Another Plunge
West’s disregard of honorable principles and policies, specifically from 1948 onwards, is pushing it to the ignoble status of a perpetrator of violence and destruction for small gains which is rendering it low in the esteem of other nations, writes SYED IQBAL ZAHEER.
The Western politicians’ obituary statements at Sharon’s death – ‘good riddance’, said voices from the Left and the Right – was another plunge into darkness of the Crusade Era.

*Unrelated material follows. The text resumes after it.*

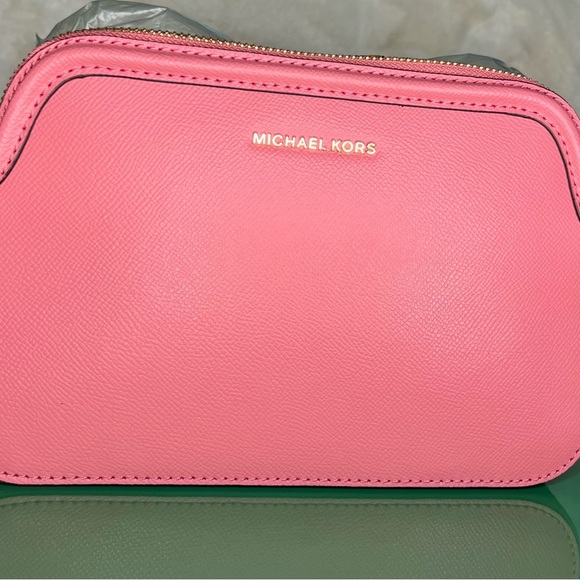 MICHAEL KORS Houston Large Crossgrain Leather Crossbody in Tea Rose - Picture 1 of 4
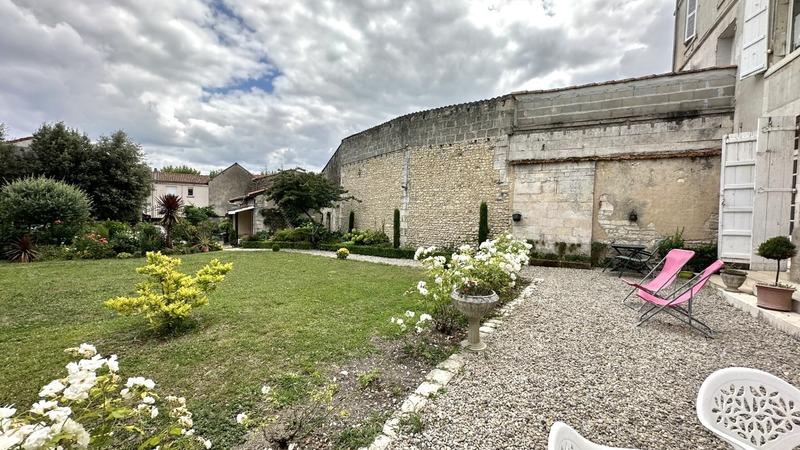 Maison bourgeoise - 380 m² - 12 pièces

But who was Sharon? Here is a brief note on him picked up from a variety of sources – all Western:
“Early in his life, Sharon showed the dark side of his character. In an Israeli attack in 1953 on Qibya, a Palestinian village in the West Bank, led on the ground by Sharon, scores of homes were destroyed while civilians were still inside. The outcome was a massacre that left 69 Palestinians dead, most of whom were women and children. Then a ‘culture of impunity’ – a recurring theme – took over. Following that heroic event, as assured by the culture of impunity, “time and again, Sharon left some of the bloodiest marks on the history of Palestine.” He escaped accountability in Qibya and, despite heavy criticisms of his role in the Sabra and Shatila massacres (3,500 “refugees, men, women, children and infants), Sharon’s career in public life did not end, to ultimately become the Prime Minister (while some referred to him as ‘the Butcher of Beirut’).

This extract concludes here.